Produce exactly the lines from the one holding "Building Photo - 9111 NE 73rd St" through the last line of the data below, with every picture left out.

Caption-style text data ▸
============================================================
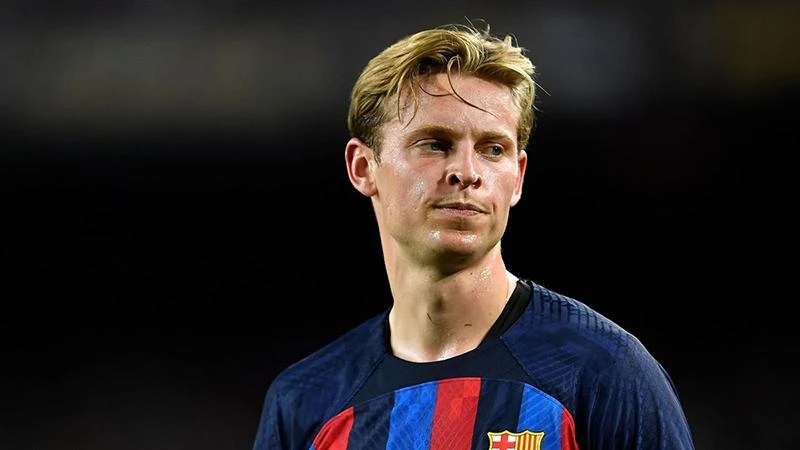 Bất chấp bị Barca "phụ bạc", de Jong vẫn nhất quyết không rời Nou Camp. ẢNH: GETTY
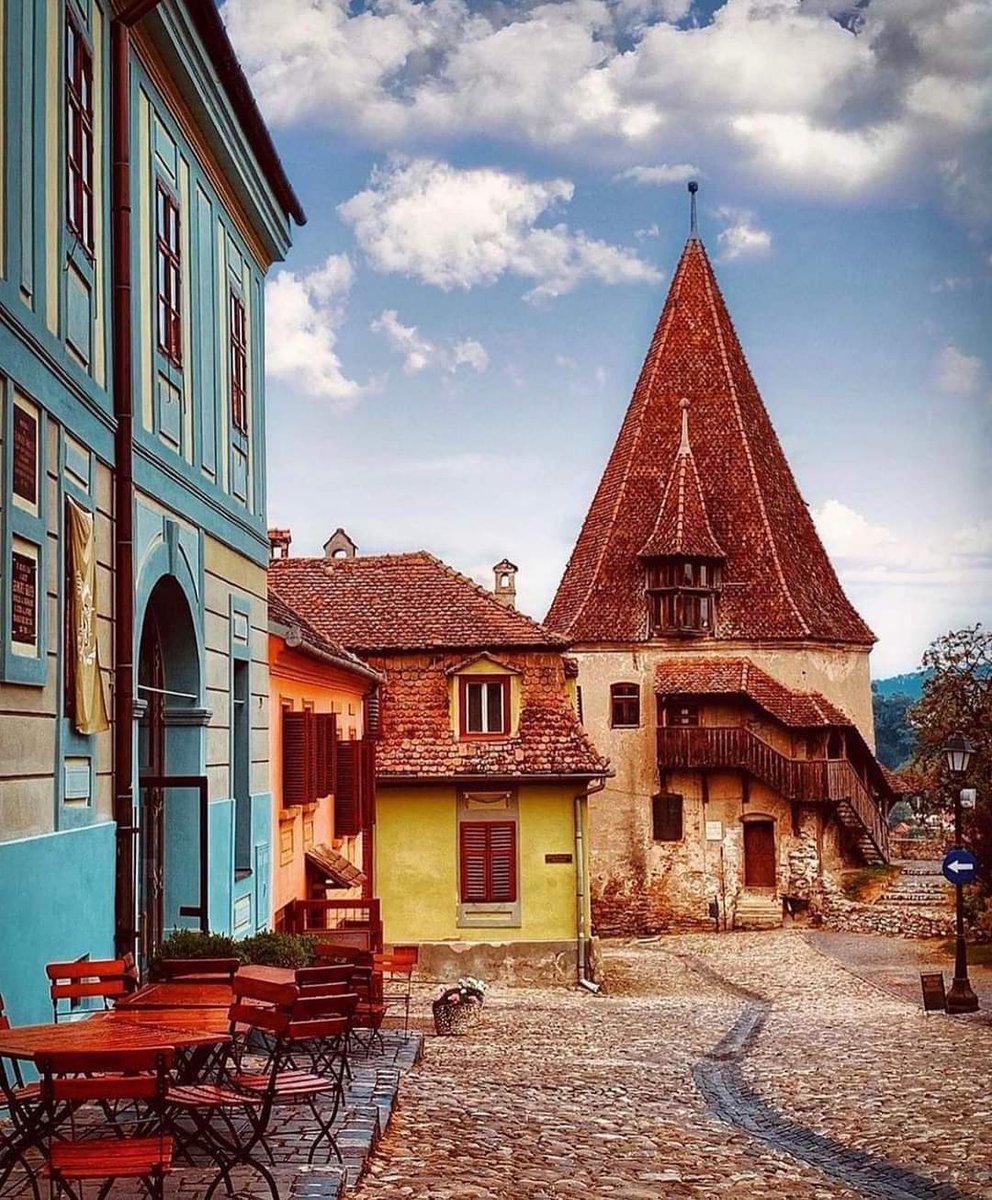 LM11222's tweet photo. Medieval Sighisoara - the birthplace of Vlad the Impaler  #Transylvania #Romania https://t.co/FonPcM72hT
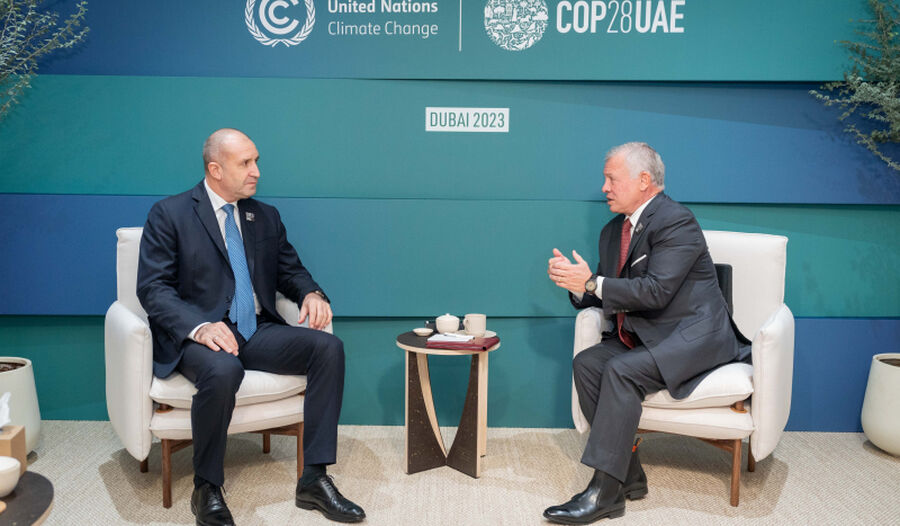 الملك يبحث مع الرئيس البلغاري الأوضاع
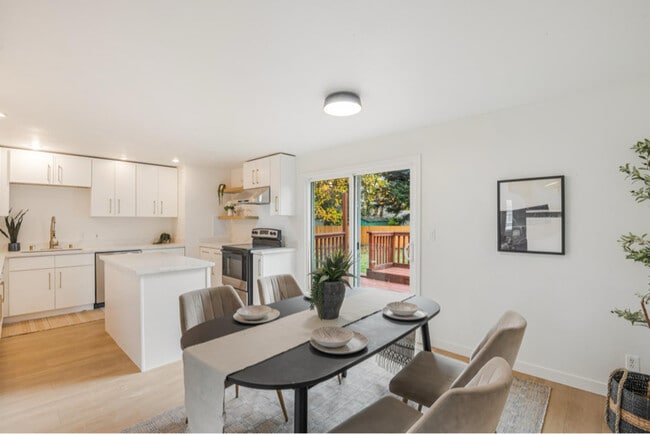 Building Photo - 9111 NE 73rd St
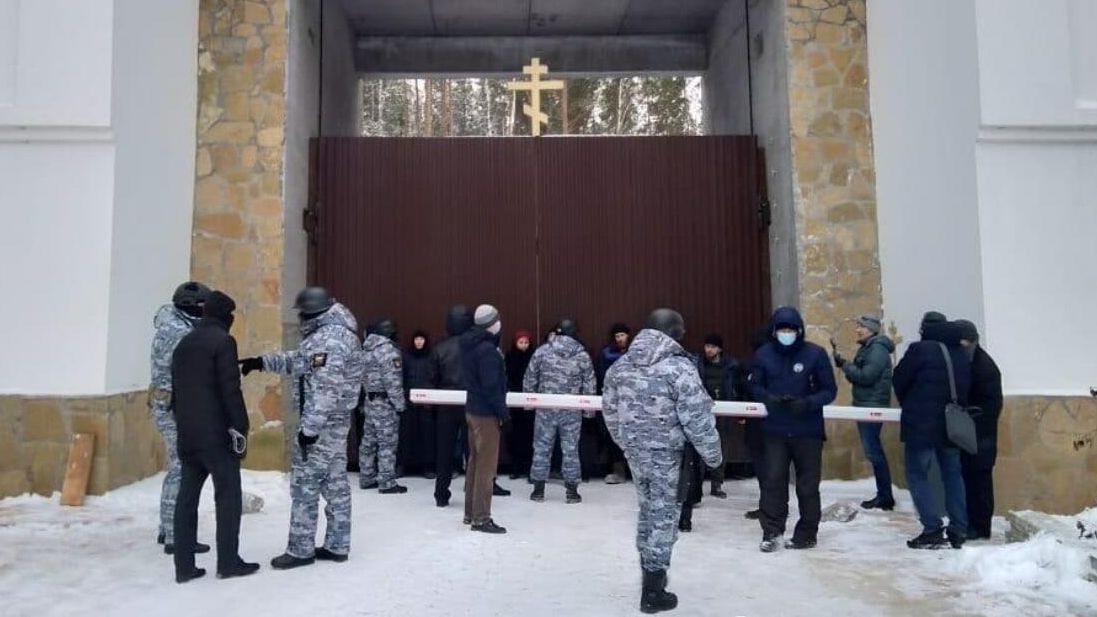 Судебные приставы у входа в Среднеуральский монастырь Судебные приставы у входа в Среднеуральский монастырь - РИА Новости, 1920, 01.04.2021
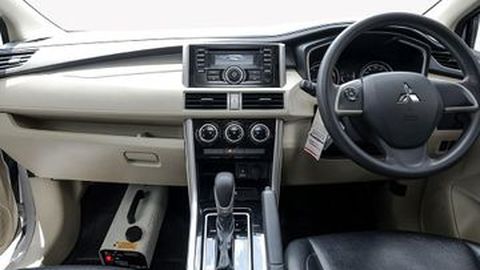 Tips Gampang dan Murah Rawat Interior Mobil agar Tak Kusam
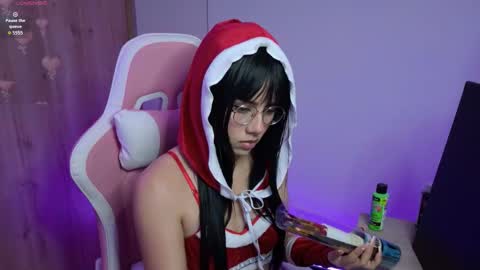 lily help me to collect more cosplay online show from 23, 12, 2025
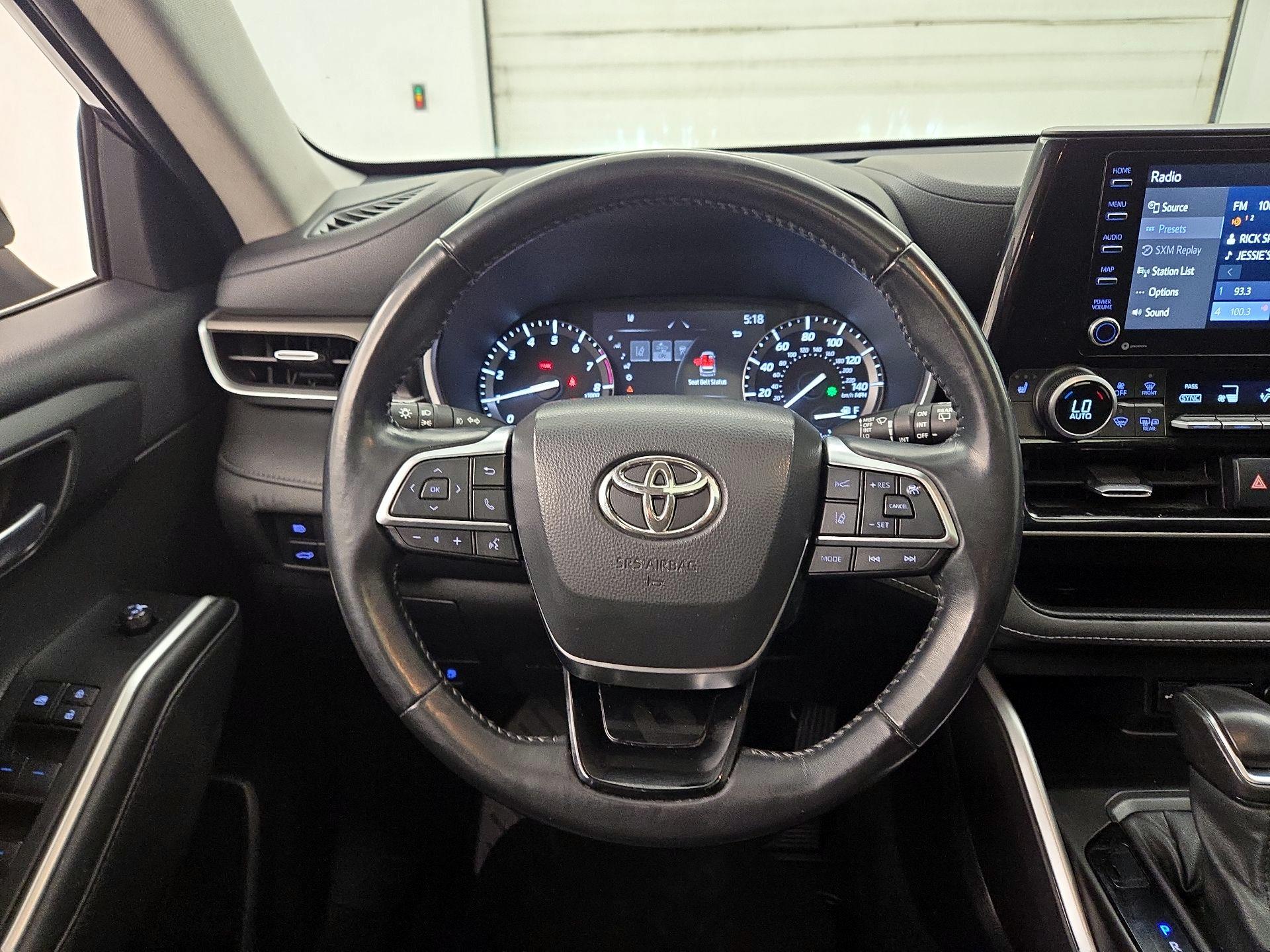 Thumbnail: 2021 Toyota Highlander - 10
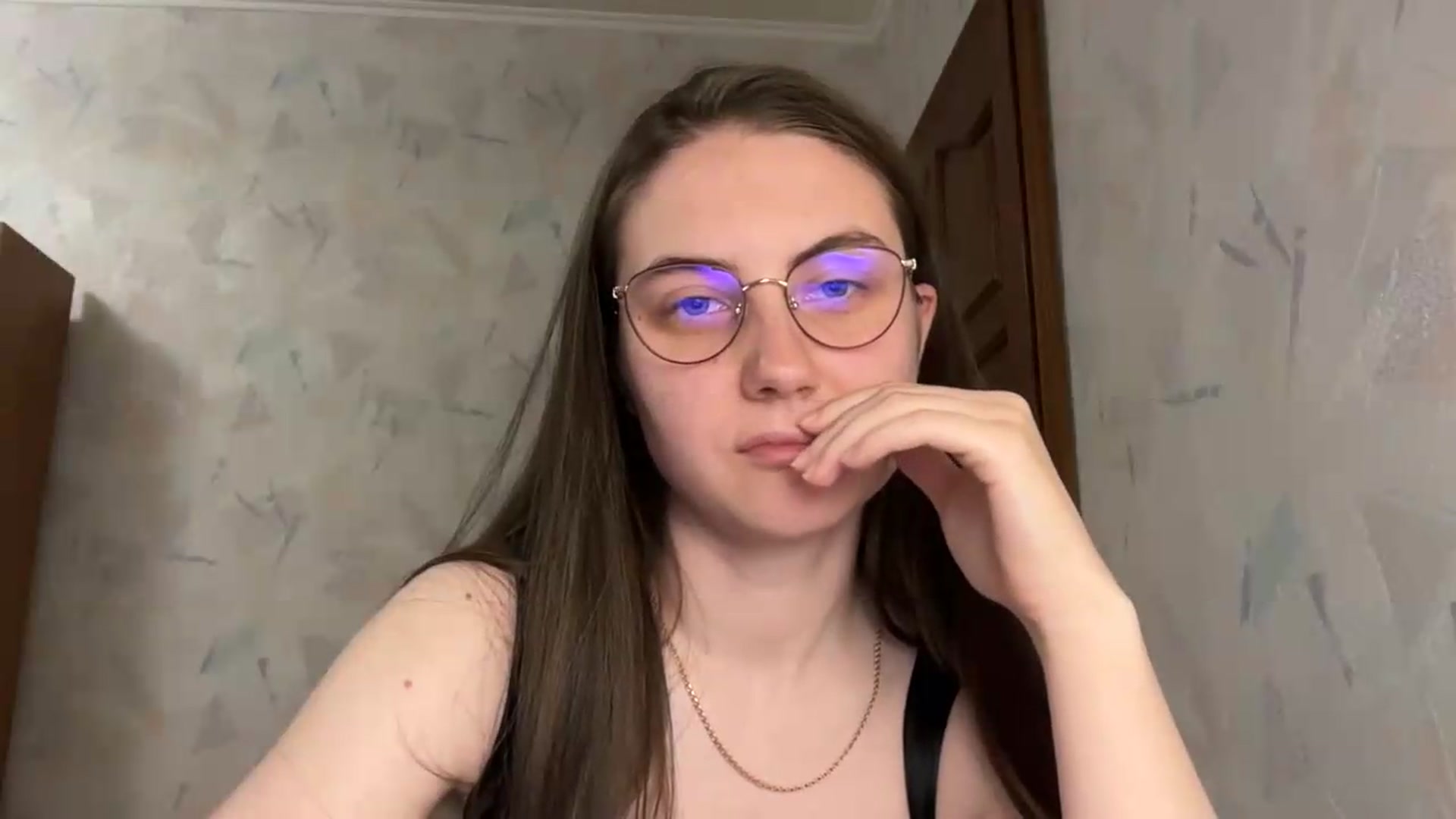Gallery image thumbnail from ElaraCrimson's myfreecams stream on, 06/03/2026, 16:29 image 8 of 20
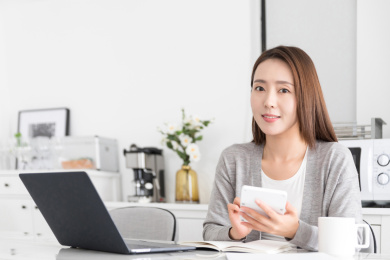 一名年轻女性在家使用笔记本电脑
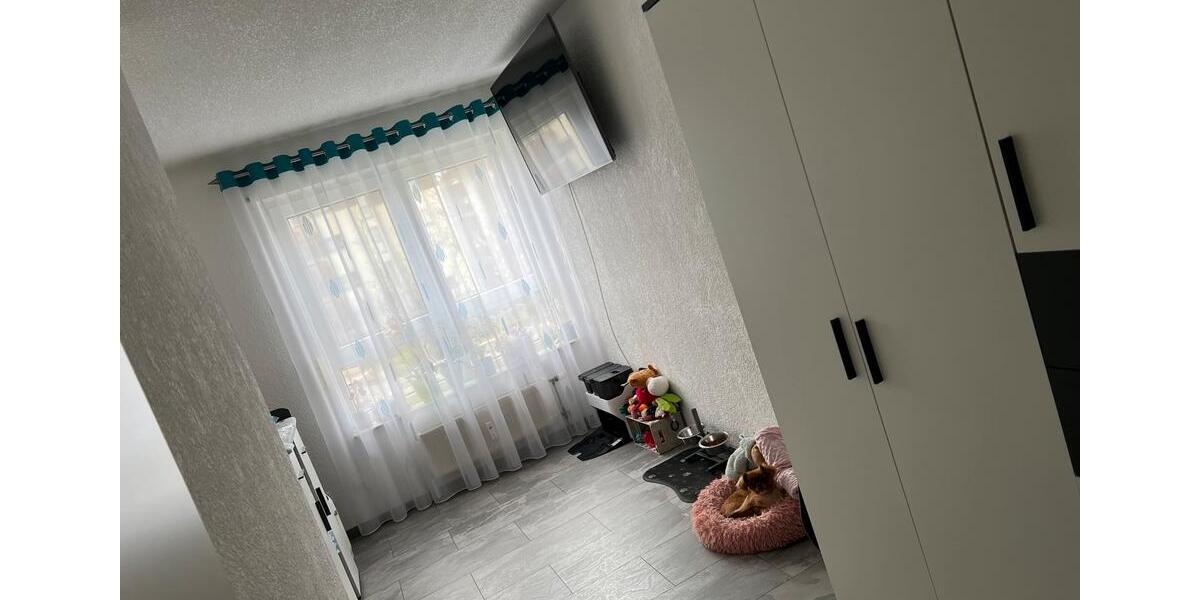 Etagenwohnung Rastatt - 3 Zimmer, 76 m&sup2;, 310.000&euro; | Angebot:25954832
============================================================
RESULT OF THE TASK ▸
 Building Photo - 9111 NE 73rd St
 Судебные приставы у входа в Среднеуральский монастырь Судебные приставы у входа в Среднеуральский монастырь - РИА Новости, 1920, 01.04.2021
 Tips Gampang dan Murah Rawat Interior Mobil agar Tak Kusam
 lily help me to collect more cosplay online show from 23, 12, 2025
 Thumbnail: 2021 Toyota Highlander - 10
Gallery image thumbnail from ElaraCrimson's myfreecams stream on, 06/03/2026, 16:29 image 8 of 20
 一名年轻女性在家使用笔记本电脑
 Etagenwohnung Rastatt - 3 Zimmer, 76 m&sup2;, 310.000&euro; | Angebot:25954832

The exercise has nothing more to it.